Néanmoins, le sort des animaux fait l’objet de violents conflits au sein de la société avec de nombreuses boucheries vandalisées. Cela témoigne-t-il d’un certain dépit de certains défenseurs de la cause animale constatant que les choses n’avancent pas ou peu ?

Cela peut-être du dépit ou bien de l’extrémisme dans lequel il ne faut pas tomber. Il y a énormément de choses à faire pour bouger les lignes sur le bien-être animal qui doit-être au cœur de notre société aujourd’hui et qui n’est pas suffisamment pris en compte par nos politiques.

Pourquoi la cause animale est-elle aussi peu présente au sein de cette classe politique ?

Dans les sondages, auprès des citoyens, la cause animale est assez haute, mais ce sont les politiques qui ne le prennent pas en considération. Quand on atteint les sphères du pouvoir, la condition animale devient-elle un sous-sujet ? Il y a tellement de batailles à mener qu’ils considèrent cette cause comme secondaire alors que pas du tout. Le bien-être des animaux d’élevage dont nous consommons les produits, c’est aussi notre santé qui en dépend. Ce débat doit revenir au centre des échanges citoyens.

Une sordide affaire de chevaux mutilés sévit depuis plusieurs jours. Quand on retrace le parcours d’un Luka Magnotta, peut-on déduire qu’un individu s’attaquant de façon aussi cruelle à des animaux a de fortes chances d’en faire de même avec l’homme ?

Souvent, cela va dans les deux sens. Les cas de maltraitance animale sont associés à un terreau de maltraitance humaine, de conditions de vie misérables. À l’inverse, quand des gens s’en prennent aux animaux, des êtres vivants vulnérables, alors ils sont capables d’attaquer les enfants, les personnes âgées, les femmes... Ce n’est pas systématique, mais c’est un risque. Il faut donc sévèrement punir les actes de maltraitance animale, car cela peut-être une première étape.

« Ce qui nous rend heureux, nous, ne rend pas forcément notre animal heureux »

Le comportement animalier, notamment celui des chats et des chiens, a-t-il encore des secrets pour vous ?
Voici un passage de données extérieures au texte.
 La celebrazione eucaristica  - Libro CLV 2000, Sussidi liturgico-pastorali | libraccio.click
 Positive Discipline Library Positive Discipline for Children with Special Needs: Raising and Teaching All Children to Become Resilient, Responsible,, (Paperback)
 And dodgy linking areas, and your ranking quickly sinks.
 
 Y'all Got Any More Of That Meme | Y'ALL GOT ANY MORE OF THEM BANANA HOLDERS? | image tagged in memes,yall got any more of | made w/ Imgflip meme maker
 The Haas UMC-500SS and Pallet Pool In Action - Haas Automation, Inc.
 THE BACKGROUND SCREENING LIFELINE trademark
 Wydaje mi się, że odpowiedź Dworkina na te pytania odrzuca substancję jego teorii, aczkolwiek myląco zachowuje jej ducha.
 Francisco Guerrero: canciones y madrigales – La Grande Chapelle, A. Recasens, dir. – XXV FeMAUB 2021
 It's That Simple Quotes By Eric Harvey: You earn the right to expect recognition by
Oui, bien sûr ! Un des plus grands secrets qu’ils ont aujourd’hui est de savoir ce qu’ils pensent de nous, de notre mode de vie. Ils perçoivent beaucoup de choses, dont nos émotions, mais ont-ils un regard critique ? Je n’en suis pas sûre. La notion du temps est aussi une problématique qui revient beaucoup pour les propriétaires de chiens et de chats. Savent-ils combien de temps on les laisse à la maison parce qu’on n’a pas eu le choix et même si ce n’est pas recommandable ? Un jeune adulte a-t-il conscience d’être un ado et qu’il doit encore apprendre des autres ? On ne pourra jamais faire de l’anthropomorphisme, mais forcément il se passe des choses. On ne saura jamais comment ils perçoivent véritablement la vie. Leur perception du monde est différente de la nôtre.

Quels précieux conseils pouvez-vous donner aux propriétaires d’animaux domestiques ?
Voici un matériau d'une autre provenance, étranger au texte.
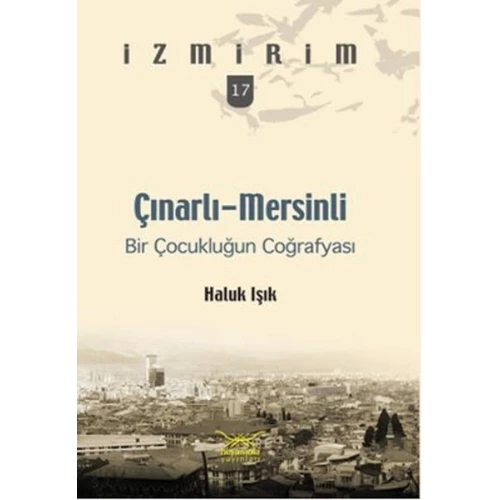 Çınarlı-Mersinli: Bir Çocukluğun Coğrafyası / İzmirim- 17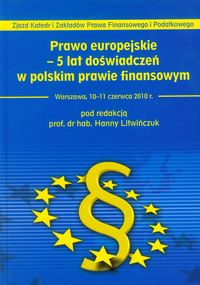 Prawo europejskie 5 lat doświadczeń w polskim prawie finansowym -  - książka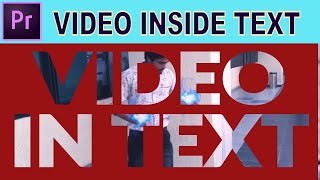 How To Add A Video Inside Text - Adobe Premiere Pro Tutorial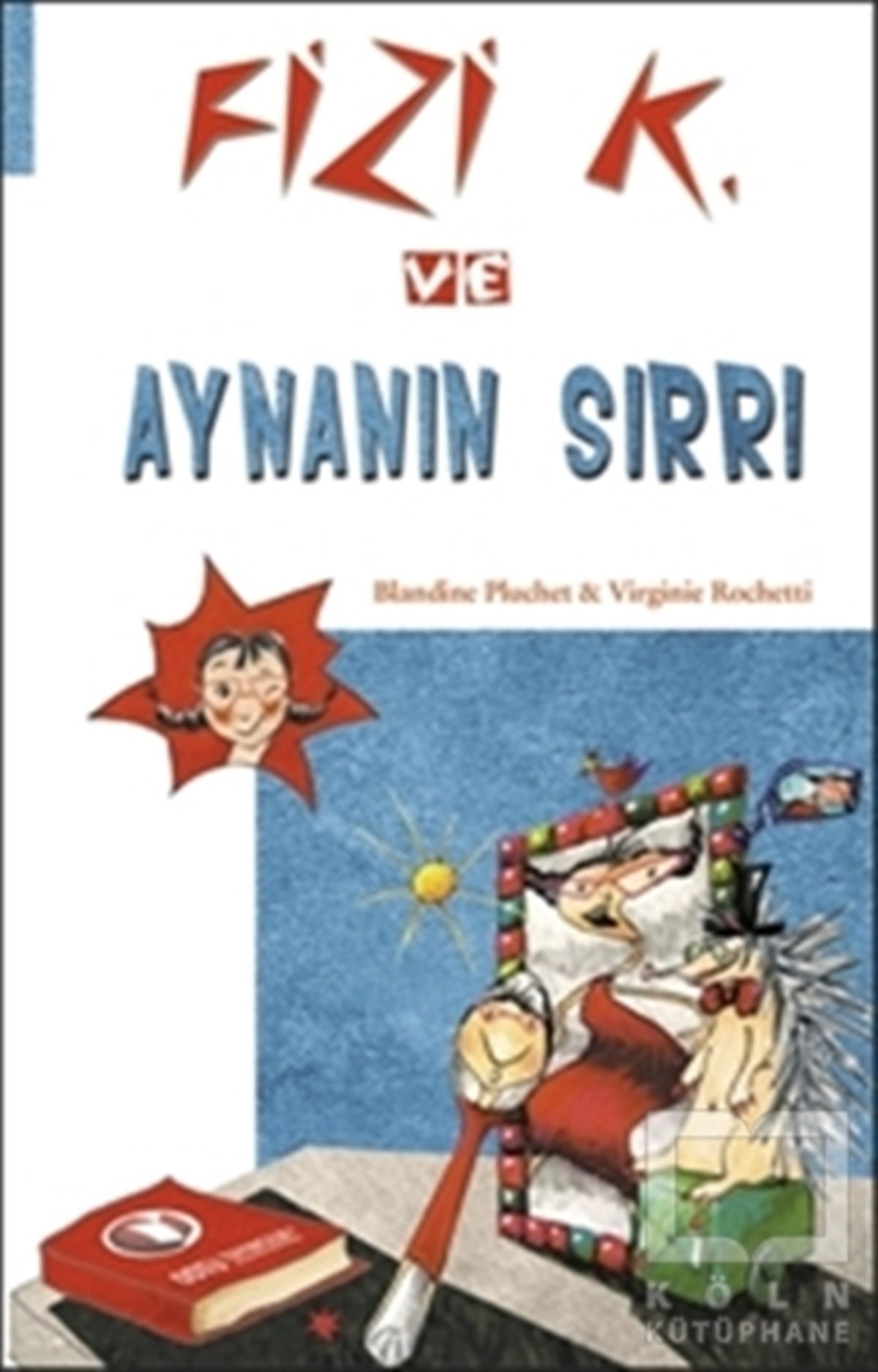 Blandine PluchetRoman-ÖyküFizi K ve Aynanın Sırrı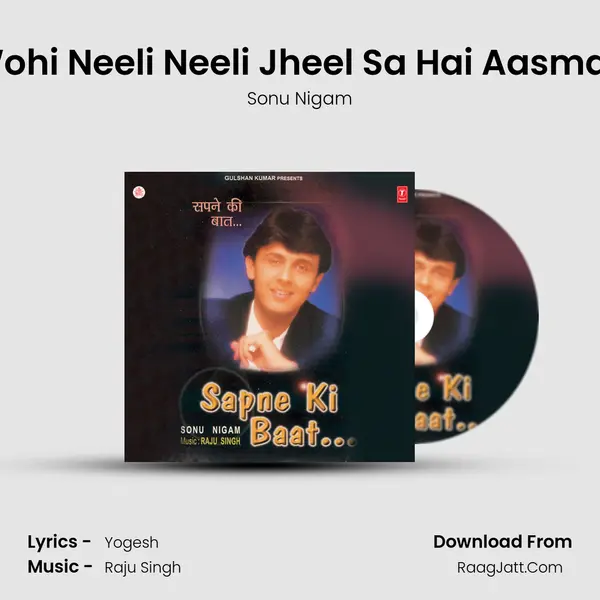 Wohi Neeli Neeli Jheel Sa Hai Aasman MP3 Song by Sonu Nigam Cover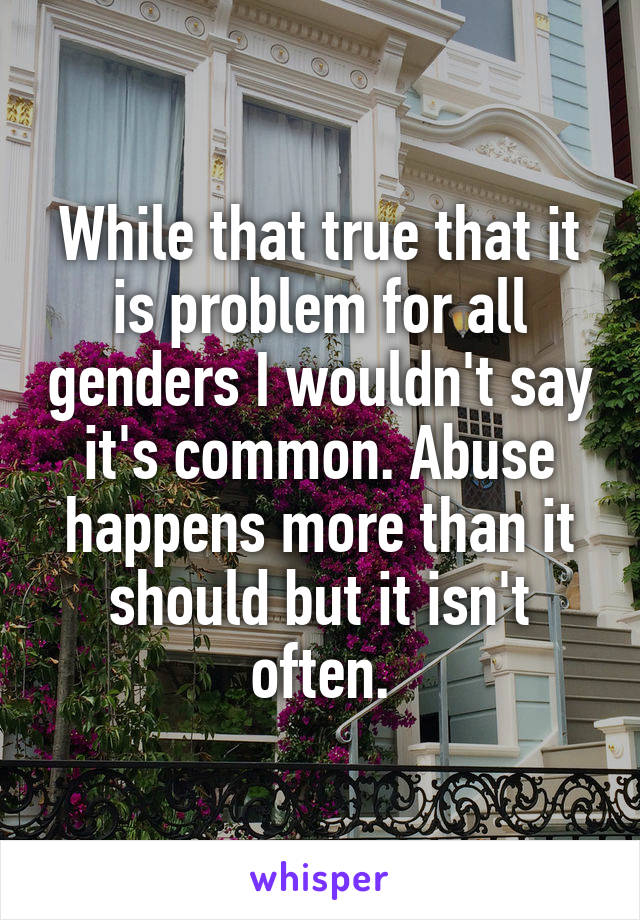 While that true that it is problem for all genders I wouldn't say it's common. Abuse happens more than it should but it isn't often.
Aujourd’hui, quand on adopte un chien ou chat, il faut savoir que c’est un individu d’une autre espèce que la nôtre. Il est important de lui laisser exprimer les besoins qui sont propres à son espèce, et ne pas faire un copier/coller de ce qui nous rend heureux, nous, car cela ne va pas forcément le rendre heureux, lui. Pour un chien, les moments de liberté sont ce qu’il y a de plus important pour lui. J’entends par-là, l’emmener à la forêt, à la campagne, détacher le mousqueton qui relie la laisse au collier, et le laisser vivre durant un moment sa vie de chien. Cela me rend malade de voir des chiens tenus en laisse en permanence à la campagne et qui tirent comme des fous...
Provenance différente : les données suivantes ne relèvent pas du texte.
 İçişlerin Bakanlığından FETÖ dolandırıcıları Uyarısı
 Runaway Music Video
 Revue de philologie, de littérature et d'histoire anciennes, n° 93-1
Avez-vous été marquée par un voyage, une destination, à la rencontre d’espèces rares ?

J’ai fait plusieurs voyages à vocation animalière. Essentiellement en Afrique. J’ai visité la Tanzanie, l’Afrique du Sud et la Namibie. L’observation de la faune sauvage me fascine. Mais aujourd’hui, je suis de moins à moins à l’aise par rapport à mon bilan carbone. Je souhaite limiter mes déplacements. Je me dis aussi que l’on a beaucoup de choses à observer de la petite faune sauvage à la campagne. Aller se promener à la campagne le week-end quand il n’y a pas les chasseurs qui nous pourrissent la vie, c’est vraiment agréable.